**Your assignment**
Only the lines from the one containing "Feest! (Hardback) bij Singel 344" through the end of the records should be retyped, exactly and including both ends; pictures stay out.

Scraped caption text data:
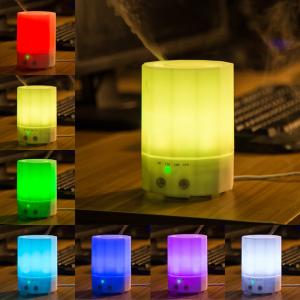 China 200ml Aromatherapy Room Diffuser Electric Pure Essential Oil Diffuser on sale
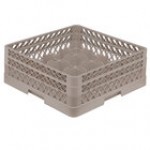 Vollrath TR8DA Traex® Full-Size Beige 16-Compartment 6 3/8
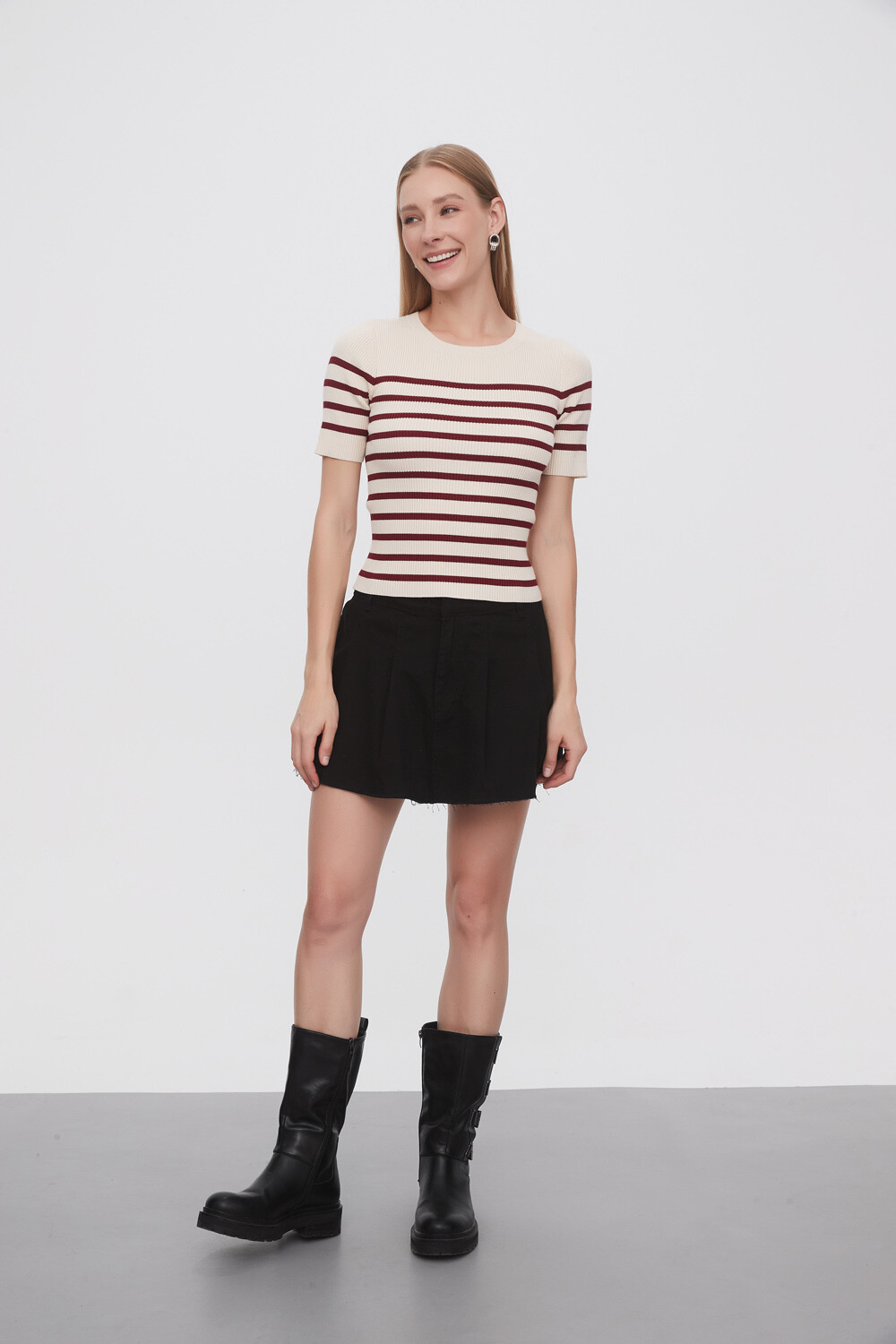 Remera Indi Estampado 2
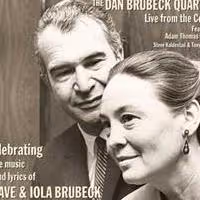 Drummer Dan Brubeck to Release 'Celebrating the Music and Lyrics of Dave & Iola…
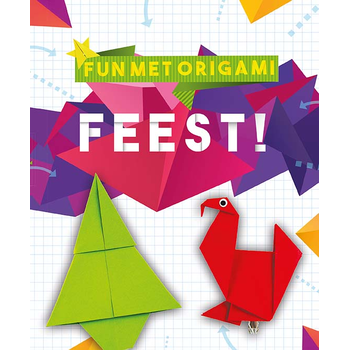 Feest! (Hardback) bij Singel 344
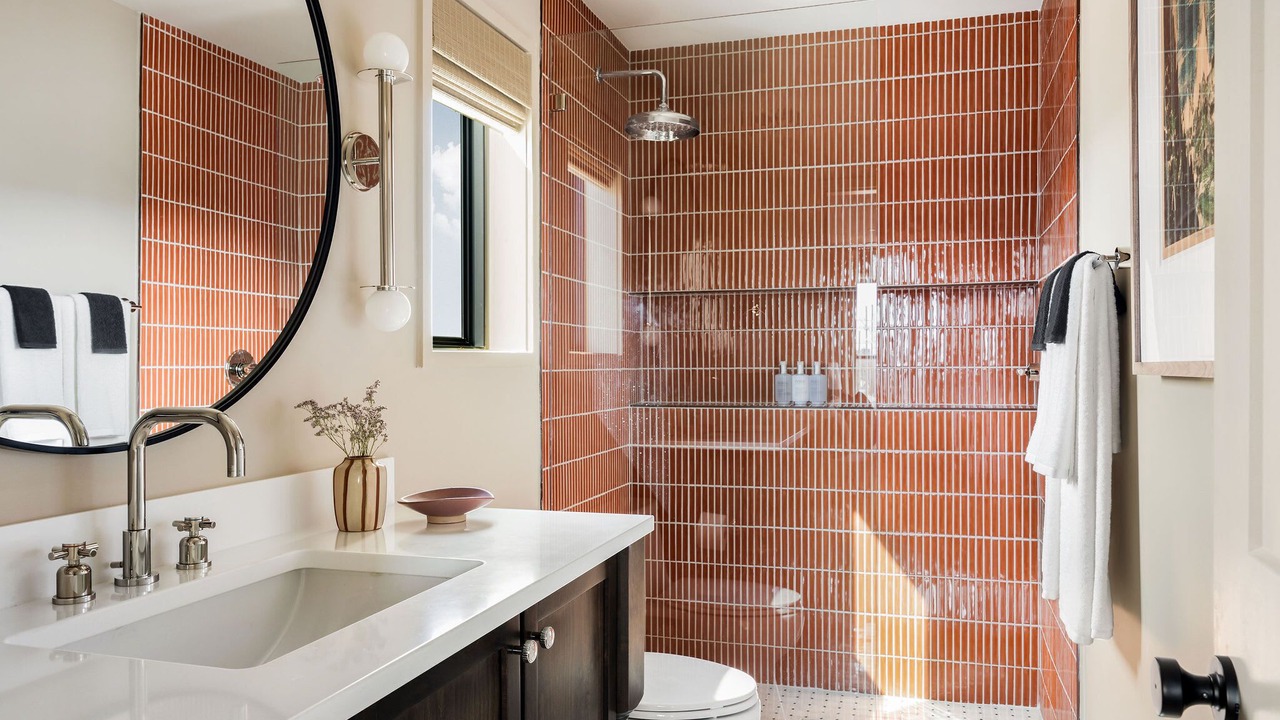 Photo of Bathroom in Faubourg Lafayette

**Your response**
 Feest! (Hardback) bij Singel 344
 Photo of Bathroom in Faubourg Lafayette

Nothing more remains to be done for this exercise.